* Brief *
Would you write out each line of the material below exactly, skipping every picture?

* Collected data *
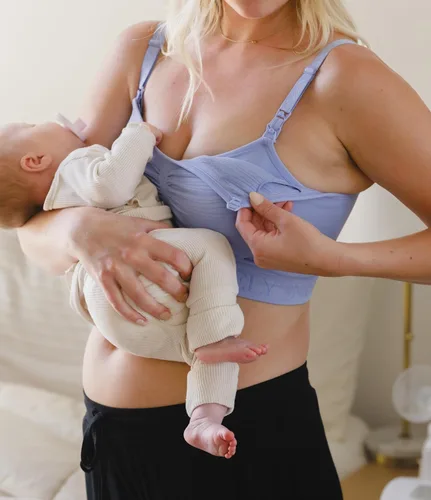 Miniatura 34 de Kindred Bravely Sublime Pumping Bra Hands Free, Adjustable Pumping & Nursing Bra with EasyClip for All Breast Pumps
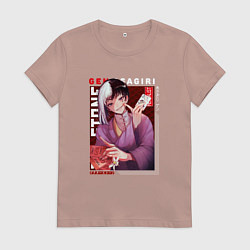 Женская футболка Доктор Стоун Dr Stone, Гэн Асагири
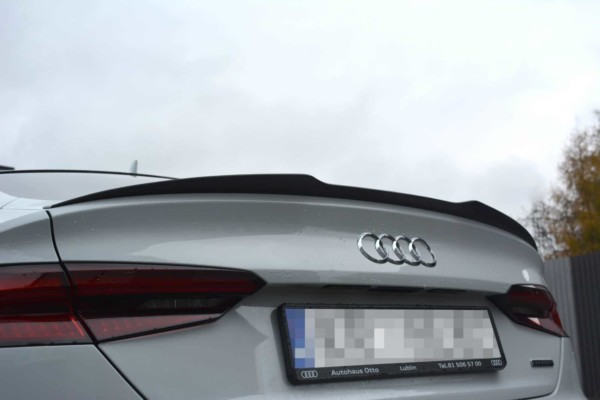 MAXTON DESIGN - Predlženie spoilera  Audi A5 S-Line F5 Sportback , Čierny lesk – Obrázok 3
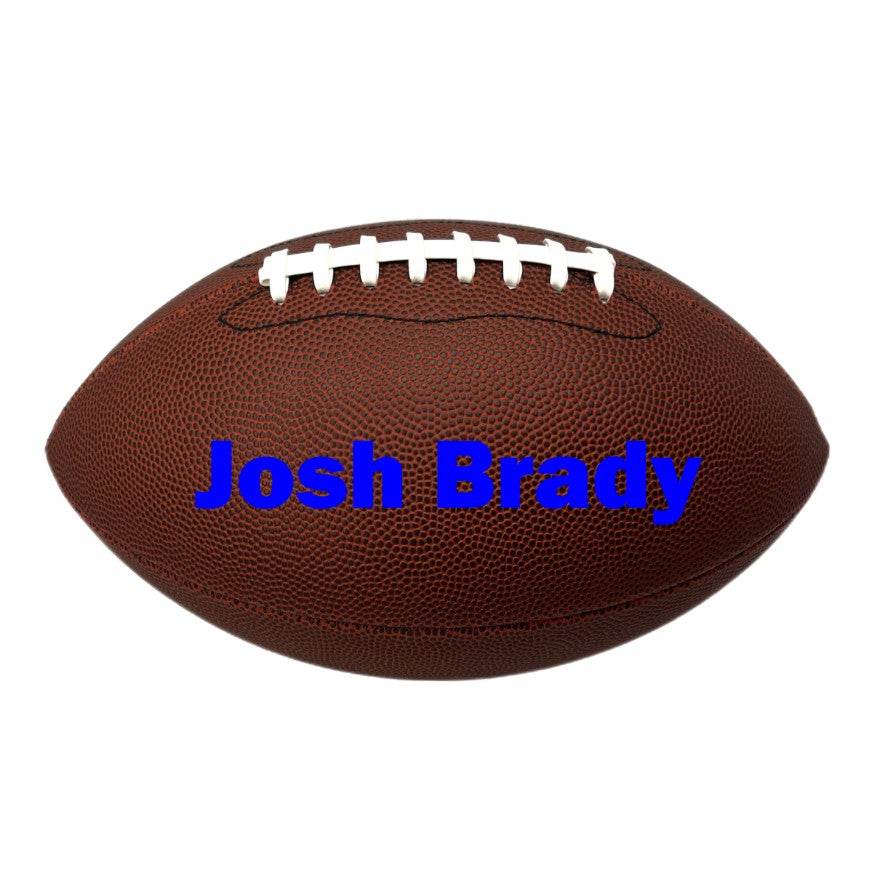 Customized Football Personalized with Your Name Blue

* Output of the task *
 Miniatura 34 de Kindred Bravely Sublime Pumping Bra Hands Free, Adjustable Pumping & Nursing Bra with EasyClip for All Breast Pumps
 Женская футболка Доктор Стоун Dr Stone, Гэн Асагири
 MAXTON DESIGN - Predlženie spoilera  Audi A5 S-Line F5 Sportback , Čierny lesk – Obrázok 3
 Customized Football Personalized with Your Name Blue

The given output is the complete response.